Line by line, transcribe all of the entries exactly.
━━━ Material supplied ━━━
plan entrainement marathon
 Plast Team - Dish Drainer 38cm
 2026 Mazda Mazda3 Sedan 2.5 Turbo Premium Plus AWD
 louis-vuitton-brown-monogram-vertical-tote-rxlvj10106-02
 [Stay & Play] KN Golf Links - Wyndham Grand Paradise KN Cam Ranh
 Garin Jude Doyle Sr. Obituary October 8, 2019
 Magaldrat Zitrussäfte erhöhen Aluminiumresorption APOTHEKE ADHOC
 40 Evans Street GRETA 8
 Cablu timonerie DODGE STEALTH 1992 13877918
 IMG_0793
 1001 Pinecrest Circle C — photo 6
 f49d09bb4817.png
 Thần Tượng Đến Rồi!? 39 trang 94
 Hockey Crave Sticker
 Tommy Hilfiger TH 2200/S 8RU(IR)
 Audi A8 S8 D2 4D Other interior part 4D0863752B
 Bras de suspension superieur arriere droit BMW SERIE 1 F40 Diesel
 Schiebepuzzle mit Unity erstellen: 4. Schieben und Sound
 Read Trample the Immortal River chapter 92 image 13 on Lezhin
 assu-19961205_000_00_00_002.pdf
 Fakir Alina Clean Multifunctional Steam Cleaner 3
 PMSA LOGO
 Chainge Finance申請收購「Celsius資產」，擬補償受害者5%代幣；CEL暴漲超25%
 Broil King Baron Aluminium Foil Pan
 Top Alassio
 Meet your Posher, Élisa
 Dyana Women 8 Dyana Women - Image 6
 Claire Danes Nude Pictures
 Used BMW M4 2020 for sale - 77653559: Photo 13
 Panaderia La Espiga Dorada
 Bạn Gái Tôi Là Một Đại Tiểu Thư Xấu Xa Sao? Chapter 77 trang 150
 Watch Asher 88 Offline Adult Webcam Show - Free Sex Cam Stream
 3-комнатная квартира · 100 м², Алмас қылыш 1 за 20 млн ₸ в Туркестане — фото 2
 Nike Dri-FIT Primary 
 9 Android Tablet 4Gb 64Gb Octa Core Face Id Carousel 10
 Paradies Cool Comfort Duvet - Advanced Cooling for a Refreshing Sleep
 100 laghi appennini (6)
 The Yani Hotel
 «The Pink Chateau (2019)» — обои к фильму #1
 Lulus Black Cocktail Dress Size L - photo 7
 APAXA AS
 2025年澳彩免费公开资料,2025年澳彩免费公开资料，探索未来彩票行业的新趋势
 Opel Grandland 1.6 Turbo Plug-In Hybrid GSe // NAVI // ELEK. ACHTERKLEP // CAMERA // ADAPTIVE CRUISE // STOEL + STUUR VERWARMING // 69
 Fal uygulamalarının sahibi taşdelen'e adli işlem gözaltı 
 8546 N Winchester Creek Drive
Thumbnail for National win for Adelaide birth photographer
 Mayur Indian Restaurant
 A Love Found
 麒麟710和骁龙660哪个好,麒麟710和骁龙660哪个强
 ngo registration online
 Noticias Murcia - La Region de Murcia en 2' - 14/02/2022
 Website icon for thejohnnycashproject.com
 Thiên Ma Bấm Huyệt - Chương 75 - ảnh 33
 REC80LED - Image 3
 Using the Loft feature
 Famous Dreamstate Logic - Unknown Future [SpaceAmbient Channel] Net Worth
━━━
● Expected answer:
plan entrainement marathon
 Plast Team - Dish Drainer 38cm
 2026 Mazda Mazda3 Sedan 2.5 Turbo Premium Plus AWD
 louis-vuitton-brown-monogram-vertical-tote-rxlvj10106-02
 [Stay & Play] KN Golf Links - Wyndham Grand Paradise KN Cam Ranh
 Garin Jude Doyle Sr. Obituary October 8, 2019
 Magaldrat Zitrussäfte erhöhen Aluminiumresorption APOTHEKE ADHOC
 40 Evans Street GRETA 8
 Cablu timonerie DODGE STEALTH 1992 13877918
 IMG_0793
 1001 Pinecrest Circle C — photo 6
 f49d09bb4817.png
 Thần Tượng Đến Rồi!? 39 trang 94
 Hockey Crave Sticker
 Tommy Hilfiger TH 2200/S 8RU(IR)
 Audi A8 S8 D2 4D Other interior part 4D0863752B
 Bras de suspension superieur arriere droit BMW SERIE 1 F40 Diesel
 Schiebepuzzle mit Unity erstellen: 4. Schieben und Sound
 Read Trample the Immortal River chapter 92 image 13 on Lezhin
 assu-19961205_000_00_00_002.pdf
 Fakir Alina Clean Multifunctional Steam Cleaner 3
 PMSA LOGO
 Chainge Finance申請收購「Celsius資產」，擬補償受害者5%代幣；CEL暴漲超25%
 Broil King Baron Aluminium Foil Pan
 Top Alassio
 Meet your Posher, Élisa
 Dyana Women 8 Dyana Women - Image 6
 Claire Danes Nude Pictures
 Used BMW M4 2020 for sale - 77653559: Photo 13
 Panaderia La Espiga Dorada
 Bạn Gái Tôi Là Một Đại Tiểu Thư Xấu Xa Sao? Chapter 77 trang 150
 Watch Asher 88 Offline Adult Webcam Show - Free Sex Cam Stream
 3-комнатная квартира · 100 м², Алмас қылыш 1 за 20 млн ₸ в Туркестане — фото 2
 Nike Dri-FIT Primary 
 9 Android Tablet 4Gb 64Gb Octa Core Face Id Carousel 10
 Paradies Cool Comfort Duvet - Advanced Cooling for a Refreshing Sleep
 100 laghi appennini (6)
 The Yani Hotel
 «The Pink Chateau (2019)» — обои к фильму #1
 Lulus Black Cocktail Dress Size L - photo 7
 APAXA AS
 2025年澳彩免费公开资料,2025年澳彩免费公开资料，探索未来彩票行业的新趋势
 Opel Grandland 1.6 Turbo Plug-In Hybrid GSe // NAVI // ELEK. ACHTERKLEP // CAMERA // ADAPTIVE CRUISE // STOEL + STUUR VERWARMING // 69
 Fal uygulamalarının sahibi taşdelen'e adli işlem gözaltı 
 8546 N Winchester Creek Drive
Thumbnail for National win for Adelaide birth photographer
 Mayur Indian Restaurant
 A Love Found
 麒麟710和骁龙660哪个好,麒麟710和骁龙660哪个强
 ngo registration online
 Noticias Murcia - La Region de Murcia en 2' - 14/02/2022
 Website icon for thejohnnycashproject.com
 Thiên Ma Bấm Huyệt - Chương 75 - ảnh 33
 REC80LED - Image 3
 Using the Loft feature
 Famous Dreamstate Logic - Unknown Future [SpaceAmbient Channel] Net Worth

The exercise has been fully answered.